Despite our best and constant efforts, my good wife and myself, weary from the fear-filled days and sleepless nights felt like all was lost. At least, we would often console ourselves, things couldn't get any worse. 

Until they did.

Ray

Ray

THE BEST TEACHER I'VE EVER HAD by Deborah Fabos

My son, James, is 34. I'm so proud of the man he's become, and grateful to everyone who's helped him get where he is today. Mostly though, I'm grateful for him.

You see, although I'd take away his illness if I could, his journey's made me a better person. Although I'd eliminate all the pain he's walked through, his pain's enabled me to be more compassionate. Although I'd give him back the life he knew before his symptoms took it all away, I'm grateful each day that he is alive and able to give and receive love.

This picture was taken in January 2017. James looks the same except that he's thinner now. There were so many times along the way that I never, in my wildest dreams, thought he could enjoy such a wonderful quality of life. Don't get me wrong, he can't hold a full time job and will never be totally independent, but he's accomplished so much more than we dared to hope for.

James

James

A wise man once told me that what I needed to do was give my son something he didn't want to loose. This was what I built everything on. It's a solid foundation. Of course, as you well know, doing it takes a village! 

Just a little back story because I understand how hopeless and overwhelming caregiving for our loved ones can be — the pain, the endless stress, the blocked paths to treatment, the grief, and the feeling of isolation.  For my son, his journey started before his birth, really. I was high risk due to having placenta previa and he was in fetal distress during labor. They couldn't find a vein for an IV so I could have a C-section so other methods had to be used. James was blue from a knot in the umbilical cord that was wrapped around his neck.

When James was in second grade, he was diagnosed with ADHD and we started behavior modifications along with medication. He continued with behavior modifications until he became so ill that they didn't work well.

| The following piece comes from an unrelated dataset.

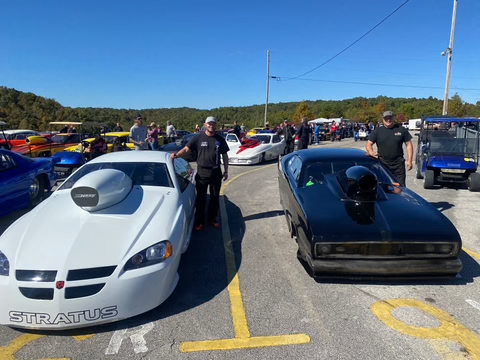 Two drag racing cars lined up on a track, one white and one black, with spectators in the background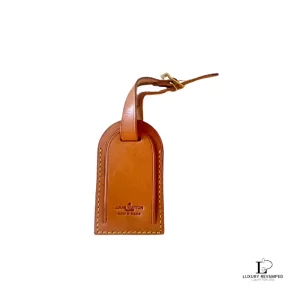 Pre-loved Louis Vuitton Vachetta leather luggage tag with gold-tone hardware, front view – secondhand designer, NZ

James was always a gifted athlete. In his freshman year of high school, his coaches told him to look for college scholarships in basketball, baseball, and football. But, by age 15, his symptoms were  severe and he was put in a locked down facility out of state because he was still a minor. I appealed to the court to release him into my care so I could get him treatment. He needed treatment, not punishment, and it's in the right treatment that we found our hope. That's why I do what I'm able to help more find their treatment in time. 

My son's been and continues to be one of my greatest blessings and the best teacher I've ever had. I'm honored to know him and to have the privilege of being his mom.  At long last, he's at peace with his life. He's on the other side of his horrific journey. His kindness, gentleness, and his never giving up have lead him here. He's able to enjoy the present and let go of what once was.